Bagian yang terakhir atau bagian kedua belas yang ditulis oleh Ir. Budi Handrianto, M.Pd.I ini berjudul Islamisasi ilmu pengetahuan. Materi terakhir ini adalah basis perjuangan para pengarang buku ini, begitupun saya pribadi.
Pasca enlightment yang menjadi starting point kemajuan mereka, bangsa Barat ini mulai berani mengangkat isme-isme baru yang beragam. Dari mulai sekularisme, rasionalisme, utilitarianisme, pluralisme dan materialisme. Secara pasti isme-isme ini akan menggiring manusia kepada human interest si peletak dasar isme tersebut. Karena sang peletak paham itu adalah kaum Barat yang notabene “kafir” maka pengaruh buruknya akan sangat tampak dan menjalar pada seluruh elemen kehidupan termasuk pada bidang keilmuan.

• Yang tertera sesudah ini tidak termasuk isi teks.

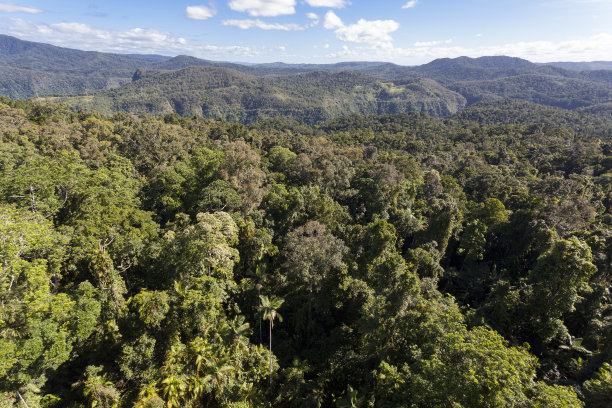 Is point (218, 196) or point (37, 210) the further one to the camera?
point (218, 196)

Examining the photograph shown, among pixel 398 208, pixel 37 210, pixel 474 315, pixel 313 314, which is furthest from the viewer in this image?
pixel 398 208

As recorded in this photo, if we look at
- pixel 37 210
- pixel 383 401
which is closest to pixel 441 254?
pixel 383 401

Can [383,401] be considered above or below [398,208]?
below

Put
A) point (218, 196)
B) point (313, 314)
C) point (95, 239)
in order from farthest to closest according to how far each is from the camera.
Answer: point (218, 196)
point (313, 314)
point (95, 239)

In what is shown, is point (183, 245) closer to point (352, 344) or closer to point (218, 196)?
point (218, 196)

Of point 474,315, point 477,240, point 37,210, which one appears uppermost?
point 37,210

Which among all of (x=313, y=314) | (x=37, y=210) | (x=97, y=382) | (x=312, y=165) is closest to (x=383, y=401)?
(x=313, y=314) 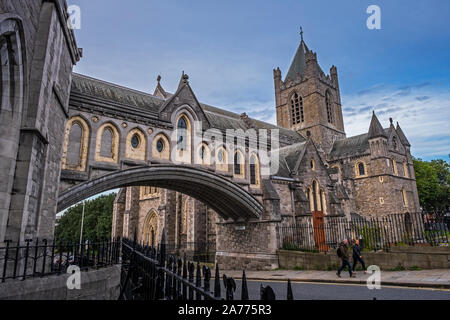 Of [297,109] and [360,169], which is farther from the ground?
[297,109]

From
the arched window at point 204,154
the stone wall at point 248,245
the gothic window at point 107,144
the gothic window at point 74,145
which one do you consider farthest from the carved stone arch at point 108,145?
the stone wall at point 248,245

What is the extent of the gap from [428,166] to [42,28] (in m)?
53.3

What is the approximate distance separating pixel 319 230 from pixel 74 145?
50.5 feet

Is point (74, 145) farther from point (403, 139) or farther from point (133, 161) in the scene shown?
point (403, 139)

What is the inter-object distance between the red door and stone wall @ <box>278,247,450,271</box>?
322cm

Saat ini bidang keilmuan dan pemikiran pun banyak yang terjerat oleh jebakan ini. Banyak sekali aliran ilmu pengetahuan yang disekulerkan dengan sangat rapi sehingga tak jarang kaum intelektual Muslim sekalipun ketika ditanya tentang hubungan sains dan agama dia menjawab bahwa keduanya adalah dua jenis yang tidak saling berhubungan satu sama lain. Ilmu dianggap sebagai hal netral yang tidak berwarna agama. Padahal agama dan ilmu adalah satu kesatuan yang padu karena Islam sangat menjunjung tinggi rasa saling menghargai dan keadilan, tak hanya sesama manusia bahkan kepada hewan sekalipun harus memperlakukan mereka dengan adab yang telah ditetapkan.

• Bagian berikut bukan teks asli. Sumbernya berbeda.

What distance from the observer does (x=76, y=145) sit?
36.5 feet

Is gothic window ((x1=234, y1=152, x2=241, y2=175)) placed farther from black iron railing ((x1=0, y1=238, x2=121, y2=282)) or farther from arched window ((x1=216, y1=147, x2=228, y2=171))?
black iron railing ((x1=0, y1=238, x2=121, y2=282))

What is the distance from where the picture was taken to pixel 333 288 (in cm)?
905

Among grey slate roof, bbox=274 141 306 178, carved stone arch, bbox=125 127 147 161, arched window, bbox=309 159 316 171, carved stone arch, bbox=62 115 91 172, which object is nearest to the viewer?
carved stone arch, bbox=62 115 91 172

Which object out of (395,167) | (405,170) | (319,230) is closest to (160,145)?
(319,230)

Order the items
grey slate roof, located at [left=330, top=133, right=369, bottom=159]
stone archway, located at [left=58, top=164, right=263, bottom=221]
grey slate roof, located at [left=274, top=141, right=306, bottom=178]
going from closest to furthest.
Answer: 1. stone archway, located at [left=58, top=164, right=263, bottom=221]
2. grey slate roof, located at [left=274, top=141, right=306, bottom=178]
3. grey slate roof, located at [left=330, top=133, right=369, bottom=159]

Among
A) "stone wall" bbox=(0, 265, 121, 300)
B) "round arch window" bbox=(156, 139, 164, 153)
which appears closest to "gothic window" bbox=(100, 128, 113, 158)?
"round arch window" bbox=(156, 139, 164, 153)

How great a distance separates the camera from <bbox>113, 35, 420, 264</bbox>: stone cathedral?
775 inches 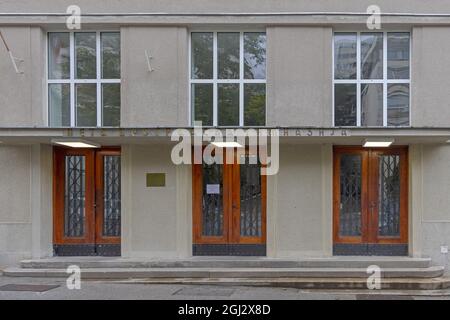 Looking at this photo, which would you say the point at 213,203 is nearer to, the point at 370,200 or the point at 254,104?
the point at 254,104

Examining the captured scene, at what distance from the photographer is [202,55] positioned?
1103 centimetres

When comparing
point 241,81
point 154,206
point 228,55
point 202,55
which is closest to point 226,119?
point 241,81

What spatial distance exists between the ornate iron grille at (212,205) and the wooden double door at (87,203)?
6.55 ft

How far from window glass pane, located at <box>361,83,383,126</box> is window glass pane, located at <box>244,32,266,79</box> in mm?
2409

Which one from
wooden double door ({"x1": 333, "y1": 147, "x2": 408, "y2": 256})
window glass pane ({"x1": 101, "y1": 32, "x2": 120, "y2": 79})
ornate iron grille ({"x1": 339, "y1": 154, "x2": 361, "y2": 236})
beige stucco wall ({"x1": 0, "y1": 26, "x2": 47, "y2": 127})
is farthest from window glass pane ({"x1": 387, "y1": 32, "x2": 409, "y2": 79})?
beige stucco wall ({"x1": 0, "y1": 26, "x2": 47, "y2": 127})

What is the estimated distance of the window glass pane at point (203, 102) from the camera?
11.0 metres

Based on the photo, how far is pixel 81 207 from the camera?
36.2 ft

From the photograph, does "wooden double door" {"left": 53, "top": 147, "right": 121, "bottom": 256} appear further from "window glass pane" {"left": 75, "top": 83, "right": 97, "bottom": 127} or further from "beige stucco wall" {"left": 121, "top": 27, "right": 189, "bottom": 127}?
"beige stucco wall" {"left": 121, "top": 27, "right": 189, "bottom": 127}

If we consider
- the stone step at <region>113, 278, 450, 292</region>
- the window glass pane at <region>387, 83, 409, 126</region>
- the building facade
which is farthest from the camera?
the window glass pane at <region>387, 83, 409, 126</region>

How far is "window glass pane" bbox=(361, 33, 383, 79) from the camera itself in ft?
35.8

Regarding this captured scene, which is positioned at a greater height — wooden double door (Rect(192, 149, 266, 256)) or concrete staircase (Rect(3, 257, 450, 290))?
wooden double door (Rect(192, 149, 266, 256))

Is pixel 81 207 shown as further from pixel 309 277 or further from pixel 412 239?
pixel 412 239

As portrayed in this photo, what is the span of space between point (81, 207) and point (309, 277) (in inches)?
212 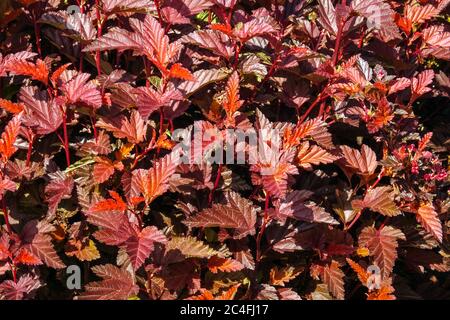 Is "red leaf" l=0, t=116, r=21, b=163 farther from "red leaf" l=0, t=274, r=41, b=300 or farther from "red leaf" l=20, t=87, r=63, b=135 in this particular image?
"red leaf" l=0, t=274, r=41, b=300

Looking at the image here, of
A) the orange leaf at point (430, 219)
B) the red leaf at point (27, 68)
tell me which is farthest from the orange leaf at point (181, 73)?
the orange leaf at point (430, 219)

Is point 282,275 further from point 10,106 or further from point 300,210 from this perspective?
point 10,106

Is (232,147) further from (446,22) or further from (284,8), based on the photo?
(446,22)

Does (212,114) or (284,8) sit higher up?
(284,8)

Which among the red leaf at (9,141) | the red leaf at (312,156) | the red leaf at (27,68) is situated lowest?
the red leaf at (312,156)

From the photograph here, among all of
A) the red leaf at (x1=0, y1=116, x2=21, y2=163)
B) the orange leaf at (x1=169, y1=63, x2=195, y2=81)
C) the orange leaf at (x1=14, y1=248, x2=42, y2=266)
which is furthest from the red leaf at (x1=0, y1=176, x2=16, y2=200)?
the orange leaf at (x1=169, y1=63, x2=195, y2=81)

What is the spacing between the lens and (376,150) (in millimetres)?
2234

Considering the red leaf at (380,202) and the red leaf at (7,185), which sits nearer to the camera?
the red leaf at (7,185)

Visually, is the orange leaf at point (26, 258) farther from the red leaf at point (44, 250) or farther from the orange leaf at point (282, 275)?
the orange leaf at point (282, 275)

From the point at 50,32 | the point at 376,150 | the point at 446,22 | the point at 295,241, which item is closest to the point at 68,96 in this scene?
the point at 50,32

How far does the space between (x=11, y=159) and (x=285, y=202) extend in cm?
102

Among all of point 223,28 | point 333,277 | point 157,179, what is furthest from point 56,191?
point 333,277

Sedangkan isme-isme lain banyak yang melanggar norma-norma kemanusiaan dengan dalih humanity itu sendiri. Misalnya ada praktik vivisection dimana hewan hewan dijadikan objek praktik sadis hanya karena dorongan bisnis. Kemudian demi bisnis juga para petani menyemprot bahan-bahan kimia yang berlebihan  sehingga dikhawatirkan mengganggu kesehatan si petani sendiri dan pembeli. Kemudian saking tingginya budaya bisnis dalam pertanian, agrikultur pun berubah menjadi agribisnis, yang awalnya penuh dengan nuansa saling menghargai menjadi saling sikut demi kepentingan dan kejayaan suatu kelompok atau pribadi.
Demikian pemaparan singkat tentang buku ini, sudah menjadi kewajiban bagi kaum Muslimin untuk sadar dari sekarang tentang pentingnya materi dalam buku ini. Sudah saatnya kita membuka mata tentang kesempurnaan peradaban dengan berpegang pada siraman wahyu dan warisan para ulama terdahulu. Menerapkan Islamisasi dalam segala dimensi kehidupan. Mengamalkan Islam sebagaimana para pendahulu kita yang shaleh memahami.
Buku ini memang sangat kaya pembahasan ilmiah dan sangat kaya referensi. Ada sekitar 228 referensi yang terjejer di akhir halaman buku. Jumlah daftar pustaka yang sangat banyak untuk ukuran buku setebal 2cm. Sayangnya karena buku ini adalah wujud dari 12 makalah yang berbeda-beda dan dibuat oleh delapan pemakalah yang berbeda juga maka bahasa tulisan pun beragam sesuai dengan gaya pena masing-masing. Tak hanya gaya tulisannya yang beragam bahkan font size pun berbeda-beda. Selain itu sistematika kesinambungan dari satu bab ke bab yang lain pun jadi kurang tersambung, masih mirip seperti bundel makalah akhir semester. Satu lagi buku ini banyak mengutip kata-kata ilmiah yang ‘njelimet bagi sebagian orang, sehingga mungkin hanya kaum intelektual saja yang bisa memahami dengan terang substansi dan arah seruan buku ini.

Namun secara jujur bobot kebenaran yang terkandung dalam buku ini memang sangat darurat tingkat kebutuhannya bagi para kaum intelektual Muslim dalam membendung sepak-terjang filsafat ilmu bercorak sekulerisme yang tengah merajalela dalam alam pemikiran dunia keilmuan masa kini.